Hide code cell source
x1 = [0,5]
y1 = [0,5]

x2 = [0,5]
y2 = [0.25,4]

xpoint1 = 4
ypoint1 = 4.5

xpoint2 = 4
ypoint2 = 3.25

xline1 = [3.98,3.98]
yline1 = [4,4.5]

xline2 = [4.02,4.02]
yline2 = [3.25,4.5]

plt.plot(x1,y1,'g',label="true line")
plt.plot(x2,y2,'b--',label="best fit line")
plt.plot(xpoint1,ypoint1,'ro')
plt.plot(xline1,yline1,'r',label="$\epsilon_i$")
plt.plot(xpoint2,ypoint2,'mo')
plt.plot(xline2,yline2,'m',label="$e_i$")
plt.text(4,4.7,'($x_i$,$y_i$)')
plt.text(3.8,4.1,'$\epsilon_i$')
plt.text(4.1,3.7,'$e_i$')
plt.legend()
plt.show()
../../_images/dacc13ea5f16b9c78590d119216762167954535b1035e33db941a2e8820a25df.png
  • Do NOT extrapolate outside the range of the data.

  • Do NOT use the least-squares line when the data are not linear.

Hide code cell source
xpts = [1,1.8,2.5,3,4,5,6,7,8,9]
ypts = [8,7.9,7.8,7.65,7.3,6.8,6,5.1,4.05,2]

xline = [0,10]
yline = [9,2]

plt.plot(xpts,ypts,'o')
plt.plot(xline,yline,'g')
plt.xlim([0,10])
plt.ylim([0,10])
plt.title('Data is not linear, do not use least-squares line')
plt.show()
../../_images/5c97855aaaa6f0a5ec3118651b84a0fa70ddd2f6d2288ca64a9aad4c4f877d28.png

14.2.5. Measuring Goodness-of-Fit#

How well does the model explain the data?

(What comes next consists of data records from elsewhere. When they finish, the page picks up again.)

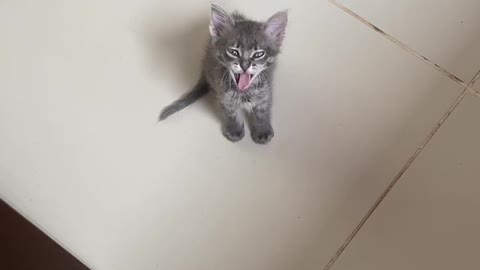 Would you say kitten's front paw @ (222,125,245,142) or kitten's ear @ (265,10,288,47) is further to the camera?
kitten's front paw @ (222,125,245,142)

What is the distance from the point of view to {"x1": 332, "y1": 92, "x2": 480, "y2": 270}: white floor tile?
1262 millimetres

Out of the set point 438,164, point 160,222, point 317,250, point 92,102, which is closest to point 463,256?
point 438,164

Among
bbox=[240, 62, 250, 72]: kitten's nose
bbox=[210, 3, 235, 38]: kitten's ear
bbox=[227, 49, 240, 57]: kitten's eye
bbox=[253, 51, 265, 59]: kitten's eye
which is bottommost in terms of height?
bbox=[240, 62, 250, 72]: kitten's nose

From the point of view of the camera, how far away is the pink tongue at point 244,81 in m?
1.19

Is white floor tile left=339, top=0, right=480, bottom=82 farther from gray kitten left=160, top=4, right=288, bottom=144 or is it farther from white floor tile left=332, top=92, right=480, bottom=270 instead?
gray kitten left=160, top=4, right=288, bottom=144

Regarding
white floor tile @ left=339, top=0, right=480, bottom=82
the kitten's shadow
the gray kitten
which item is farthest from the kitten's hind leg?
white floor tile @ left=339, top=0, right=480, bottom=82

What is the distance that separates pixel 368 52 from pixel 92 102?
2.39ft

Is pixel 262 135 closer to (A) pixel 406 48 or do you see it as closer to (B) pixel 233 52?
(B) pixel 233 52

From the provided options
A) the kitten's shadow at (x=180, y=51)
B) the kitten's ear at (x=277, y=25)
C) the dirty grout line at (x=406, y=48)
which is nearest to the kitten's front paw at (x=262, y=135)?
the kitten's shadow at (x=180, y=51)

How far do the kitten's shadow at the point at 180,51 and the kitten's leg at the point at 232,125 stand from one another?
0.07m

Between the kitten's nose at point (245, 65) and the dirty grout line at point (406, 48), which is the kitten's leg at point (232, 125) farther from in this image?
the dirty grout line at point (406, 48)

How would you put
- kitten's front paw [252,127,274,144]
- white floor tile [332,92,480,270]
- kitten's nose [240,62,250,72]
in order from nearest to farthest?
1. kitten's nose [240,62,250,72]
2. white floor tile [332,92,480,270]
3. kitten's front paw [252,127,274,144]

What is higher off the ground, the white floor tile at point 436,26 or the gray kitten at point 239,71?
the white floor tile at point 436,26

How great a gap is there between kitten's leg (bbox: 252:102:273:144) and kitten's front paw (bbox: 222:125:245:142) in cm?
3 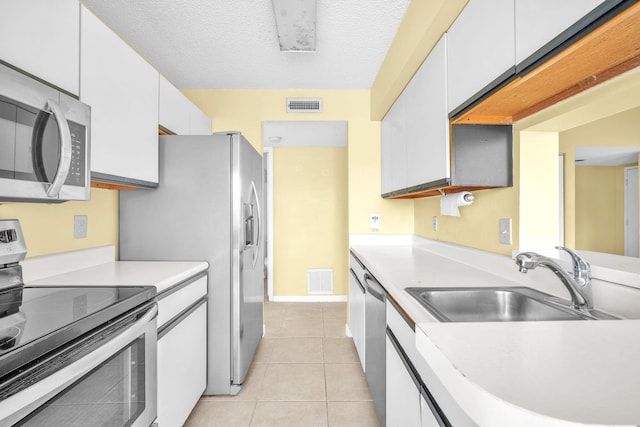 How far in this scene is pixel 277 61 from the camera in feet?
8.54

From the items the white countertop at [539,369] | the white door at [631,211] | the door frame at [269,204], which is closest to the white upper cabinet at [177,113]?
the door frame at [269,204]

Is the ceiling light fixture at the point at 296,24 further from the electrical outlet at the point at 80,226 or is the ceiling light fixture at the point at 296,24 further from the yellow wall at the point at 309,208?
the yellow wall at the point at 309,208

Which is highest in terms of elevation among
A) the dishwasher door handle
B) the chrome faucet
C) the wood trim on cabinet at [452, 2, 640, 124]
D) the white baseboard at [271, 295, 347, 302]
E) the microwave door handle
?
the wood trim on cabinet at [452, 2, 640, 124]

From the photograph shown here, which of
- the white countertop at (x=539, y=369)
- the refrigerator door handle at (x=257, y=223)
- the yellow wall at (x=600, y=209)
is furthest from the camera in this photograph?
the refrigerator door handle at (x=257, y=223)

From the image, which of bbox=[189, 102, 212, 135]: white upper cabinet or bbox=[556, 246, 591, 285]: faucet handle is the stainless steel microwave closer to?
bbox=[189, 102, 212, 135]: white upper cabinet

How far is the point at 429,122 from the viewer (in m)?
1.74

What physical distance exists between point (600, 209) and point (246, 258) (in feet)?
6.30

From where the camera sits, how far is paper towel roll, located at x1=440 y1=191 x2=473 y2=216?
1.83m

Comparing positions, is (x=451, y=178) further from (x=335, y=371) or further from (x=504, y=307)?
(x=335, y=371)

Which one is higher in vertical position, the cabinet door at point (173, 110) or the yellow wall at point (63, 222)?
the cabinet door at point (173, 110)

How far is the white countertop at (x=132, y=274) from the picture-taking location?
140 cm

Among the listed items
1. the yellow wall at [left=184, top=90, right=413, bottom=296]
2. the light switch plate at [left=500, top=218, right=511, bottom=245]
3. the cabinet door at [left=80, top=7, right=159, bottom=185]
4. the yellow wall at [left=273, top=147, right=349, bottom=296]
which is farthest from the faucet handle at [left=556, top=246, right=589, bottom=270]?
the yellow wall at [left=273, top=147, right=349, bottom=296]

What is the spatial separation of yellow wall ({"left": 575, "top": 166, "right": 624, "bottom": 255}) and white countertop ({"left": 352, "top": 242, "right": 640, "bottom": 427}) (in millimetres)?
513

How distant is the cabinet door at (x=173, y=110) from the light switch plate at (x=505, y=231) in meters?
2.11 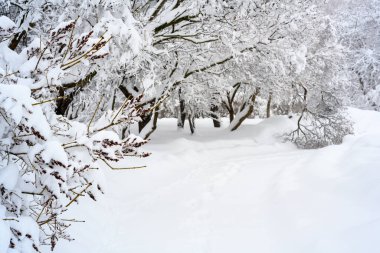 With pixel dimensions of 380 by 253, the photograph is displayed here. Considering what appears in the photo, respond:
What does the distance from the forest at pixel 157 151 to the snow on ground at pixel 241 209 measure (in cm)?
3

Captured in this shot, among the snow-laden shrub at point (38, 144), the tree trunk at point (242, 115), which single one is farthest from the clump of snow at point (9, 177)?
the tree trunk at point (242, 115)

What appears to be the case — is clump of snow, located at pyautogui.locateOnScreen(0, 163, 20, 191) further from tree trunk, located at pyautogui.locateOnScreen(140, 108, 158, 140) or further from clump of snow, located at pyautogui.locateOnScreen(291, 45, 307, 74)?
tree trunk, located at pyautogui.locateOnScreen(140, 108, 158, 140)

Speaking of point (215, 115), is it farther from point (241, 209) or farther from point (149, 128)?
point (241, 209)

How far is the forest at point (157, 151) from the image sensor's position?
249 centimetres

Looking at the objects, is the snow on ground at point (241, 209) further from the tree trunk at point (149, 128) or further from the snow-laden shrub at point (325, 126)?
the snow-laden shrub at point (325, 126)

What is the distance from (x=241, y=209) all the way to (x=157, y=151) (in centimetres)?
545

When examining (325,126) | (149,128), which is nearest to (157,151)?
(149,128)

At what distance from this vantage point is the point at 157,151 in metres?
11.1

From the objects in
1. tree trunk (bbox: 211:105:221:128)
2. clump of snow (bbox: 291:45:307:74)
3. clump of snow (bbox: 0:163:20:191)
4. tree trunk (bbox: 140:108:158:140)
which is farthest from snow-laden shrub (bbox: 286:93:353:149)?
clump of snow (bbox: 0:163:20:191)

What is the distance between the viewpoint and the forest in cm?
249

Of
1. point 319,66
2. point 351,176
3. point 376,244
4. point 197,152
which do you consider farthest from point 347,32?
point 376,244

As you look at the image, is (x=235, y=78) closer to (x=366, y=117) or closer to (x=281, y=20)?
(x=281, y=20)

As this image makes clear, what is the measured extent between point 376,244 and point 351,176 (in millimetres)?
2764

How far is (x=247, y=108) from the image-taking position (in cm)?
1656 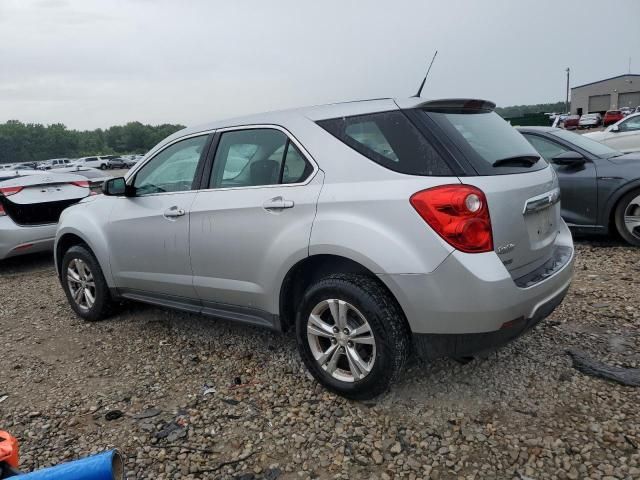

Coefficient of determination:

\[r^2 = \frac{\sum_{i=1}^n (y_i - \bar{y})^2 - \sum_{i=1}^n (y_i - \hat{y_i})^2}{\sum_{i=1}^n (y_i - \bar{y})^2}\]
\[ = \frac{\textrm{regression sum of squares}}{\textrm{total sum of squares}}\]

Interpretation: proportion of the variance in \(y\) explained by regression.

See the textbook for the derivation of the \(r^2\) formula.